What makes the film a rousing experience is its portrait of one man’s struggle for what he believes is justice
Already set for US broadcast on HBO and co-produced by European broadcasters BBC, Arte France and VPRO, Hegedus and Pennebaker’s new documentary is a solid TV property, sure to appear on small screens globally. But without the cinematic qualities of many theatrical docs, or the sensationalistic tactics of a film such as Blackfish, it’s unlikely Unlocking the Cage will find much theatrical play.
It is to Hegedus and Pennebaker’s credit, however, that they don’t dwell on the more salacious aspects of animal cruelty. Though we see brief images of primates in tortuous circumstances and the film paints a sympathetic portrait of certain animals as intelligent beings, Unlocking the Cage isn’t sentimental in that sense. Ostensibly, it’s a legal drama, and what makes the film a rousing experience is its portrait of one man’s struggle for what he believes is justice.

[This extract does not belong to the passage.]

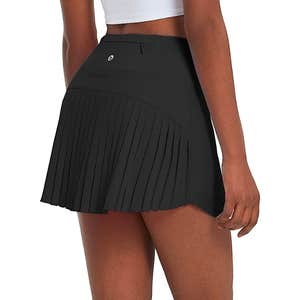 Image credits: amazon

Spanning over three years and filmed in the pair’s trademark observational “direct-cinema” style, the documentary begins with Wise’s first entrance into New York Supreme Court (“We have fucking done it,” he whispers to his colleague.) From there, the film backtracks to the preparations they have done to get to that pivotal point, from speaking to primatologists from Quebec to Iowa and finding the right chimpanzees to file writs of habeas corpus on their behalf, to staging a mock trial and filing cases in lower courts. In roller-coaster-like fashion, they encounter setbacks, challenges, and victories along the way.
One of the more engaging legal complications is the counter-argument that Wise’s cases concern animal welfare laws and not persons’ rights issues. The other legal issue lurking in the background of the film is the Supreme Court’s 2010 “Citizens United” decision, which granted personhood to corporations, giving a non-human entity the rights of human individuals. It comes up repeatedly in the film, most humorously in a clip from The Colbert Report, which had Wise on as a guest. “If Tommy [a chimpanzee] wants to have rights as a person,” jokes Stephen Colbert, “he should form his own corporation.”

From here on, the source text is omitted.